The following appeared in the April, 1992 Mid-South Astronomical Research Society MARS Chronicle
 
Better in the Pictures

By John Reed

I was in K-Mart one day about a month ago shopping with my family.  We happened by the toy aisle and my two boys immediately began chorusing that they wanted to spend their allowance money.  Mom and I assented and they were soon poring over racks of action figures.

While they were looking, I studied the cards these little men came in and noticed that some of them were very unusual.  GI Joe’s are now a small vestige of what they once were.  I wonder how many remember the much larger ones that used to be sold years ago.  Those were real army men with a hundred movable joints...I digress.

I also noticed the pictures on the cards were usually more interesting than the doll itself.  The drawing's face had character: clenched teeth, furrowed brows.  The doll itself was nothing but painted plastic!

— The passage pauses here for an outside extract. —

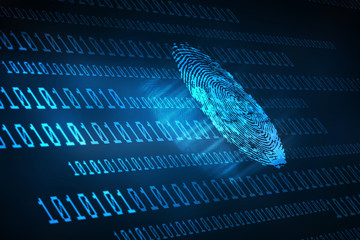 Fingerprint Scanning Technology Concept 2d Illustration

This reminded me of something I read one time about first time observers who had seen exquisite color photographs.  When they finally looked through an actual telescope at the genuine article the comment was usually "Huh."

My own experience bears this out to some extent.  If I show them the moon they are astonished and can't believe that they can actually see craters.  Saturn is also a show stopper.  I have even had one 10 year old boy claim that the planet was some kind of fake, that you really couldn't see it like that.  Nevertheless, if I show them a deep sky object they usually tell me that nothing is in the eyepiece.  I look and there's the Dumbbell centered in the field.

If I take out a book with color time exposures made by the largest telescopes in the world and show them to the neophyte, they reply "Wow!  Lets see that in the telescope".  Now they don't mean that object, but that exact view, vibrant colors and all.

What is the solution?  I would say never show someone deep sky first, make it a planet or the moon.  As much as I hate to say it; beginners just can't appreciate what they are seeing.  It takes years to learn to really see deep sky.  If they are shown a more spectacular view first they will remember it and, perhaps, move beyond the armchair with its colorful pictures to a more serious pursuit of amateur astronomy.  If not at least they will be left with a favorable impression of what amateur astronomy is all about.  Just ask my kids, the plastic action figure really is more fun than the picture!